Donald Zhong | Full-stack developer

Why this is today’s story

On March 20, 2026 (UTC), vLLM shipped v0.18.0, a notably product-facing release that moves beyond raw throughput claims and into deployment architecture: transport choices (gRPC), workload separation (GPU-less render serving), and lower-cost context handling (KV offloading + FlexKV).

What changed in the last 24-72 hours

1) vLLM added first-class gRPC serving

vLLM introduced a new --grpc serving mode alongside HTTP/REST, giving teams a lower-overhead RPC option for internal service-to-service traffic.

2) Multimodal preprocessing can be split off GPUs

The new vllm launch render path enables GPU-less preprocessing/rendering, so expensive accelerators can stay focused on inference while CPU nodes handle input preparation.

3) KV cache handling got more operationally practical

v0.18.0 highlights smarter CPU KV offloading behavior (store frequently reused blocks), plus FlexKV support and multi-KV-group support in offloading specs, which helps teams manage long-context costs without fully overprovisioning GPU memory.

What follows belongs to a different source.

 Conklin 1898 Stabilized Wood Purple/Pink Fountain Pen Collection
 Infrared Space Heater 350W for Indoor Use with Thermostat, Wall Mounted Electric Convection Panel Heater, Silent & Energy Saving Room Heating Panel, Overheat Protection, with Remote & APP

4) Supporting signal: orchestration layers are hardening defaults

Also on March 20, Microsoft Semantic Kernel .NET 1.74.0 shipped breaking security hardening for plugins (deny-by-default directory behavior and tighter plugin defaults). That reinforces a broader product trend: production AI stacks are emphasizing safer defaults and operational controls, not only model capability.

Why it matters for product teams

Architecture is becoming the differentiator: Teams that separate preprocess, inference, and tool orchestration can scale cheaper than “single giant inference box” deployments.
Latency budgets are now protocol-level decisions: gRPC vs REST is no longer an infra footnote when agent traffic and tool calls are high volume.
Reliability work is shifting left: Security/default hardening in orchestration frameworks suggests vendors expect more AI features in regulated or enterprise settings.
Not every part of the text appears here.